Voilà vingt ans que je ne m’étais pas promenée dans un tel lieu. Par une belle journée de printemps, je flâne dans un cimetière de Lille, et je remarque que la mort uniformise jusqu’aux discours gravés dans le marbre par les vivants. En somme, c’est ici que la réalité est le moins altérée par différentes formes d’illusions, puisque notre existence est finie, et que toute tentative d’expression est insuffisante.
Ayant les mêmes obligations administratives, les cimetières ont des caractéristiques communes. Pourtant ils ne se ressemblent pas, même au sein d’une agglomération (lilloise en l’occurrence) : pas un arbre à Canteleu et Ronchin, une notable variété d’ambiances paysagères à l’Est, une notable variété de catégories identitaires des défunts au Sud. Mais partout, je suis frappée par l’absence presque complète d’expressions verbales singulières. Les inscriptions figurant sur les stèles et les plaques gravées sont soit strictement informatives (données civiles), soit stéréotypées (« Quand tes yeux se sont fermés, les nôtres n’ont cessé de pleurer », « Que ton repos soit doux comme ton cœur fut bon », « Gentil papillon… »). Dans les catalogues des pompes funèbres, ces messages convenus sont présentés comme des éléments de personnalisation ; les clients du commerce funéraire sont nombreux à se satisfaire de cette confusion entre acheter une phrase et s’exprimer. À défaut de produire son propre message, pourquoi ne pas au moins s’approprier quelque citation d’auteur pour donner à sa stèle une certaine énergie ? « L’œil était dans la tombe et regardait Caïn. » Vlan. Ça en jette, Hugo ; par temps couvert, le promeneur qui lit pareille inscription n’en mène pas large. L’honnêteté me pousse à admettre que j’ai tout de même relevé quelques citations, généralement des emprunts à Jean-Jacques Goldman (« Quoi que je fasse, où que je sois, rien ne t’efface, je pense à toi »).
Pourquoi si peu de mots traduisant de façon authentique la relation que l’on a eue avec le défunt ? En raison, certainement, de la douleur « muette », de la retenue pudique, de l’intransigeance qui ne peut s’accommoder de quelques pauvres vocables faussant la réalité du vécu commun. Élément d’un autre ordre : faire graver un message original est plus onéreux qu’acheter un message type. Surtout, la dimension collective de l’accompagnement du mort entrave l’expression personnelle : les conflits larvés et les non-dits qui régissent les relations des membres de la famille, souvent à leur insu, doivent gêner le discours des individus, et les pousser à se retrancher derrière des slogans insignifiants.

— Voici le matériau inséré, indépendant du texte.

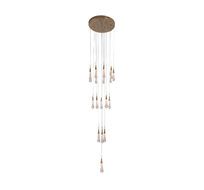 Каскадная люстра Kink Light Гутта 07861-18A,36_KL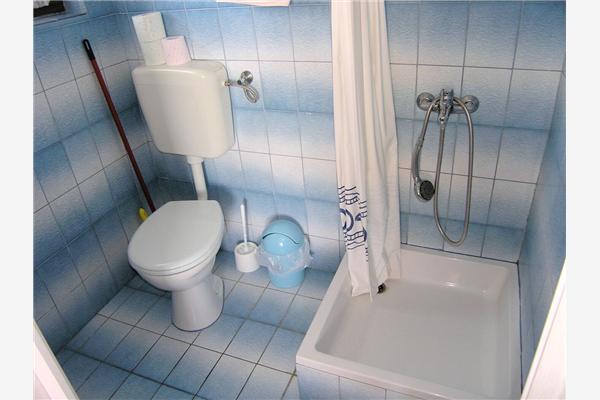 Apartment A2, for 2 persons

Les errances du recueillement : bric-à-brac et fauvettes en carnaval
Les gens démunis quant au langage recourent à d’autres formes d’expression. Il y a la manière de fleurir la tombe, mais aussi la manière de la couvrir d’objets, de bibelots parfois étonnamment hétéroclites. Parfois absurdement disparates. Et si laids, souvent… Je ne m’aventurerai pas à exposer ce qu’est le bon goût, mais pour ce qui est du mauvais, je prétends m’exprimer. Sur un strict plan esthétique, la rencontre entre la Vierge Marie, les Schtroumpfs, les nains de jardins, le Père Noël et les grenouilles en salopette colorée n’est pas recevable. Mais modérons-nous, ne condamnons pas avant d’avoir consulté l’imagination. Par exemple, sur cette tombe d’un homme mort âgé, si ces bibelots pailletés, retirés à quelque sapin de fêtes de fin d’année, peuvent témoigner d’un authentique goût de carnavaleux (nous sommes dans le Nord), ils peuvent aussi bien résulter d’une permission donnée aux petits-enfants de choisir leurs propres cadeaux naïfs et touchants pour leur grand-père.
Les sépultures d’enfants sont très exposées au risque du bric-à-brac. C’est peut-être qu’on dépose sur la tombe de l’enfant, choisis parmi ses jouets favoris, ceux qui sont susceptibles de durer un peu (plastique, donc), afin que, comme dans les rites antiques, l’enfant ne gagne pas le royaume des morts sans quelques richesses. Il semble aussi que ce n’est pas la personne que fût devenu cet enfant qui est enterrée là, mais le rêve de ses parents. Monument sur colonnes orné de colombes, de fleurs et de lierre mélancolique aux couleurs tendres, hommage à l’idéale pureté… Ou tas de joujoux grotesques, vulgaires et bariolés… Ce disparu que l’on a à peine connu, dont la personnalité ne s’est pas affirmée, qui n’a pas exprimé de souhaits relatifs à son inhumation, est plus vulnérable que tout autre occupant du cimetière au fantasme ou à la trivialité de ses parents. Ces lieux nous en apprennent plus sur les survivants que sur les morts. Pour en finir avec la question des ornements qui choquent l’œil et le bon sens, j’ajouterais qu’il serait d’autant plus salutaire de limiter l’expression du mauvais goût que le plastique de ses oripeaux durera bien plus longtemps que nos corps biodégradables.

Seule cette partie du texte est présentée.